I've collected some new stats for an index that's showing the problem:

applicationlogs-2018.04.07 5 r STARTED 20439597 14.7gb 10.187.9.25  elasticsearch-data-hot-1
applicationlogs-2018.04.07 5 p STARTED 20441468 14.5gb 10.187.21.7  elasticsearch-data-hot-5
applicationlogs-2018.04.07 2 p STARTED 20442814 31.1gb 10.187.9.25  elasticsearch-data-hot-1
applicationlogs-2018.04.07 2 r STARTED 20444535 64.5gb 10.187.11.27 elasticsearch-data-hot-2
applicationlogs-2018.04.07 4 p STARTED 20437839 14.5gb 10.187.13.19 elasticsearch-data-hot-3
applicationlogs-2018.04.07 4 r STARTED 20441808 14.2gb 10.187.21.7  elasticsearch-data-hot-5
applicationlogs-2018.04.07 3 p STARTED 20436107 24.5gb 10.187.11.27 elasticsearch-data-hot-2
applicationlogs-2018.04.07 3 r STARTED 20440543 57.3gb 10.187.13.19 elasticsearch-data-hot-3
applicationlogs-2018.04.07 1 p STARTED 20440523   26gb 10.187.10.25 elasticsearch-data-hot-0
applicationlogs-2018.04.07 1 r STARTED 20444270 60.5gb 10.187.8.21  elasticsearch-data-hot-4
applicationlogs-2018.04.07 0 r STARTED 20433938 14.6gb 10.187.10.25 elasticsearch-data-hot-0
applicationlogs-2018.04.07 0 p STARTED 20433435 13.6gb 10.187.8.21  elasticsearch-data-hot-4

I've created some gists:

Index Stats
Segments
Index Shard Stats

Might be worth mentioning we're not using any custom document routing, since I notice the primary shards have somewhat varying sizes.

Thanks,
Mike

I see two (possibly related) things in this excerpt from the shard-level stats. The inflated shards have significantly higher flush counts, and a local checkpoint that lags the maximum sequence number by a long way. The lagging local checkpoint means Elasticsearch keeps hold of a lot of translog, and indeed the translog.uncommitted_size_in_bytes statistics correlate well with the difference between the sizes of primary and replica. The total size of the translog is much larger on the problematic shards too, on both primary and replica, because the lagging local checkpoint prevents the global checkpoint from advancing, which in turn prevents old parts of the translog from being cleaned up, and I think this goes some way to explaining the imbalance in sizes between the different primaries, particularly since their document counts are so close.

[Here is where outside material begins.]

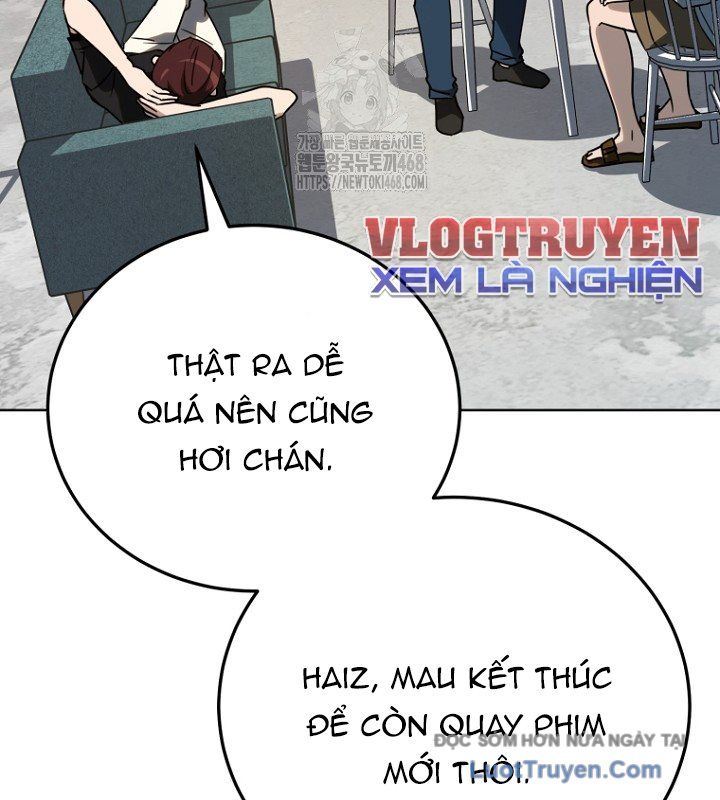 Diễn Viên Ngàn Mặt Chap 38 - Next Chap 39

It is possible that this is fixed by #29125: the high flush counts point in that direction, but I'm not sure that explains the lagging local checkpoint.

I am not going to be available to look in more depth at this for the next week or so but will raise it with the team. In the meantime, it looks like rebuilding the replicas should get everything back on track.

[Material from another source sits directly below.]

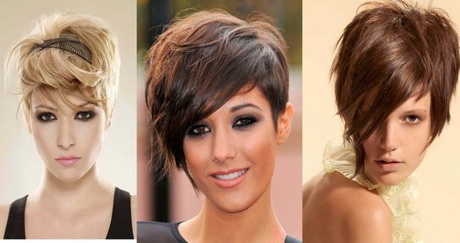 corte-de-cabelo-feminino-curto-2015-11-4 Corte de cabelo feminino curto 2015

The excerpt from the stats was obtained as follows:

$ cat 20180407_index_shards_stats.json | jq '.indices["applicationlogs-2018.04.07"].shards | map_values (map({primary:.routing.primary,translog,seq_no,flush}))'
2 Likes

Thanks for looking into this!

Interestingly it was due to #28350 that we upgraded to from 6.1.2, as we believed we were suffering from the symptoms of that described in another post somewhere on this forum.

I can confirm rebuilding replicas is a suitable workaround for the time being

Cheers,
Mike

1 Like

This topic was automatically closed 28 days after the last reply. New replies are no longer allowed.